Provided records —
=== Section Start ===

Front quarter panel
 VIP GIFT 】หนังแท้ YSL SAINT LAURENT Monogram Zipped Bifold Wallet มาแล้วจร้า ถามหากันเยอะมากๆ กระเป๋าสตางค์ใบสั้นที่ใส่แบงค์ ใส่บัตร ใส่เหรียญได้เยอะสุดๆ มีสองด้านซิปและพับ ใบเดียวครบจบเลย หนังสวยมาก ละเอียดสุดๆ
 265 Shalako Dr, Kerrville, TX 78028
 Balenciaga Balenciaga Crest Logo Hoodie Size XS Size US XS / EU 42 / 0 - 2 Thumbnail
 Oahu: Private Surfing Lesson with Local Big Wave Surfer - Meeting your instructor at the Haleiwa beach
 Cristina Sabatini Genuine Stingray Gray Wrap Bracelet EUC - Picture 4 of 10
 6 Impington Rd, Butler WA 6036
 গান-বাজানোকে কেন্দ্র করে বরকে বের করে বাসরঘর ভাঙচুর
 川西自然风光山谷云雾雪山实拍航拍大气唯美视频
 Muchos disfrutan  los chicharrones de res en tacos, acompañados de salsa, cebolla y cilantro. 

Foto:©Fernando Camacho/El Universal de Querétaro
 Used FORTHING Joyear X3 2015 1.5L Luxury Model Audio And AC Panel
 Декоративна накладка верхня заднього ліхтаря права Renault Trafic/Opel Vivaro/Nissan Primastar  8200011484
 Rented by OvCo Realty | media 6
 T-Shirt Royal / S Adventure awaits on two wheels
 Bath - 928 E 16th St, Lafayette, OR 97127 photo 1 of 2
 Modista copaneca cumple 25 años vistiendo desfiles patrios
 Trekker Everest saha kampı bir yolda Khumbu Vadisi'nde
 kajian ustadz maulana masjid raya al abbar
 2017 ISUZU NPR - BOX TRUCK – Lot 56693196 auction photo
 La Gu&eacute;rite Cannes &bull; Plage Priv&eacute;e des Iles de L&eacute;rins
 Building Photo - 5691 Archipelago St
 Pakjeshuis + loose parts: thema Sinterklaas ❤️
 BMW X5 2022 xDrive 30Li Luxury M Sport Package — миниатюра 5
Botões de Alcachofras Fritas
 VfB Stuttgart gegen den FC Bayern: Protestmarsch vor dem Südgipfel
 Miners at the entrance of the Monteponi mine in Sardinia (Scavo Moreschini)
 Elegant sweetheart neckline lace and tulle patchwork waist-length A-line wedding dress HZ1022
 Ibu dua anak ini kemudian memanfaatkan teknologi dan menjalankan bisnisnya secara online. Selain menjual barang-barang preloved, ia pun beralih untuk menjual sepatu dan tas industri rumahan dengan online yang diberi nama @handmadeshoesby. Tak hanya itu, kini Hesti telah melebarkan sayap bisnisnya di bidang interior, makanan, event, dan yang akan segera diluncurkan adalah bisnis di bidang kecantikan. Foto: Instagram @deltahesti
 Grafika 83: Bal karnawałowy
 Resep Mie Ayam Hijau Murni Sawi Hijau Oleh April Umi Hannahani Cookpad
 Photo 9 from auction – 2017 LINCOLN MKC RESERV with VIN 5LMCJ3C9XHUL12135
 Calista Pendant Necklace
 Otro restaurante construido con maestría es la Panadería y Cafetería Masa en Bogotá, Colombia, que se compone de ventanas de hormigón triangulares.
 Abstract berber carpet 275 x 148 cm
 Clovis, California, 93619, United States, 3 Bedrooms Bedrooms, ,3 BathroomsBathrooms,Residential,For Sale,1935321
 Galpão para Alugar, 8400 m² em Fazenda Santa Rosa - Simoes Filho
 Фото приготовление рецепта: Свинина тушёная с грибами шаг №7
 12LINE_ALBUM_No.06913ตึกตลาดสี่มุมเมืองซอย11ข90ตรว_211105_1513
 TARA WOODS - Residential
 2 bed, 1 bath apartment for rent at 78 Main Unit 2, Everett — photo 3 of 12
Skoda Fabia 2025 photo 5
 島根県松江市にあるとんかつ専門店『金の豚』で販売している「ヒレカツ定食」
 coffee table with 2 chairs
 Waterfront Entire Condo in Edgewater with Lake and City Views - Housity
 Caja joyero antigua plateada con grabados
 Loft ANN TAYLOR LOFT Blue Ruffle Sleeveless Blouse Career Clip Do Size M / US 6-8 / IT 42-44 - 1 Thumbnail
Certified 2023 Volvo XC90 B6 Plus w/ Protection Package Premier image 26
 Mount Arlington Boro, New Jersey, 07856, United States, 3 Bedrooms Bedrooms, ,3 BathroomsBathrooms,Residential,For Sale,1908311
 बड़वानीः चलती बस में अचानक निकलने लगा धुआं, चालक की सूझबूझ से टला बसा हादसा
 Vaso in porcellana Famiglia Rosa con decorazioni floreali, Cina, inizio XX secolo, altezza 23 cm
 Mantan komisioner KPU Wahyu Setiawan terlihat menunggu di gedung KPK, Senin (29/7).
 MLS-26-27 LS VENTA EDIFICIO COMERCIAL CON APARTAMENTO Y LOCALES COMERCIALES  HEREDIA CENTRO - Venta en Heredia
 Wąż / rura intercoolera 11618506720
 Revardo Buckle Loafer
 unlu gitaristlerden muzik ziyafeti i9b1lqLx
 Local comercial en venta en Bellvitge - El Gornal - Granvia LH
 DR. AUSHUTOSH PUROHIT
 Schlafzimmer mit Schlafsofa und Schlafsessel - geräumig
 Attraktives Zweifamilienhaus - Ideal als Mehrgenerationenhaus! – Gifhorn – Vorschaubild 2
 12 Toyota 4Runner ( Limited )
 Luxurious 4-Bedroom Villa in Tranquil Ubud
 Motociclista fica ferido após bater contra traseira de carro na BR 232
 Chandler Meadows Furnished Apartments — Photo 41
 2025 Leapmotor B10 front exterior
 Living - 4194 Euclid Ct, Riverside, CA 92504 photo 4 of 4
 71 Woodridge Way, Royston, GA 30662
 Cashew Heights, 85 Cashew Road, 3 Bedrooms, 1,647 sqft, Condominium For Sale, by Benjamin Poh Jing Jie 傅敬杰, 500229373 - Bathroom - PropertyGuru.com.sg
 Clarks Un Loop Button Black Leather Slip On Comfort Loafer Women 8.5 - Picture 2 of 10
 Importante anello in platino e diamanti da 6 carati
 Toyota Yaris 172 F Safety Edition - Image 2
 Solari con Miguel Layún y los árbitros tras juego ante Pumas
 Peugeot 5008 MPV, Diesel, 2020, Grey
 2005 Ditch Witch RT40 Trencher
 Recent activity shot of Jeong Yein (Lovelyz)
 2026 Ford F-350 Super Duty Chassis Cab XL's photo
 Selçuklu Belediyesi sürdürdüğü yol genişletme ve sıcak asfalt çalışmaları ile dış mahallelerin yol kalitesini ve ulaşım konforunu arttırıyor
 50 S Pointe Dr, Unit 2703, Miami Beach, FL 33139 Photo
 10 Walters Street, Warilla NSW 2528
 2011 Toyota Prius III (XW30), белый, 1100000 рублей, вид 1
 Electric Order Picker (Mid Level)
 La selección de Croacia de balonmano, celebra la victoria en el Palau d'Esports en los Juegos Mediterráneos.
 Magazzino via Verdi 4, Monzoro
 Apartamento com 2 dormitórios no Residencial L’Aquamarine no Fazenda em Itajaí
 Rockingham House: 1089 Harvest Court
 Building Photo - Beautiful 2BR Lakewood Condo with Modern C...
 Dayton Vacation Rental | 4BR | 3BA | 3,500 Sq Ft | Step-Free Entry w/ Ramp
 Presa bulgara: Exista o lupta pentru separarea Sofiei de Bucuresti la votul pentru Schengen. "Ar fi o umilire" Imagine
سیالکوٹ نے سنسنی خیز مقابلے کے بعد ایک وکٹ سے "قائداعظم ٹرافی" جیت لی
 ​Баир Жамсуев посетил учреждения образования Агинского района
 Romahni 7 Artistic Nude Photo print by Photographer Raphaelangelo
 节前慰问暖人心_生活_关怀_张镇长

=== Section End ===

Required work —
Using the word "Sale" as the filter, copy each matching line from the material.

Result for this exercise —
 Clovis, California, 93619, United States, 3 Bedrooms Bedrooms, ,3 BathroomsBathrooms,Residential,For Sale,1935321
 Mount Arlington Boro, New Jersey, 07856, United States, 3 Bedrooms Bedrooms, ,3 BathroomsBathrooms,Residential,For Sale,1908311
 Cashew Heights, 85 Cashew Road, 3 Bedrooms, 1,647 sqft, Condominium For Sale, by Benjamin Poh Jing Jie 傅敬杰, 500229373 - Bathroom - PropertyGuru.com.sg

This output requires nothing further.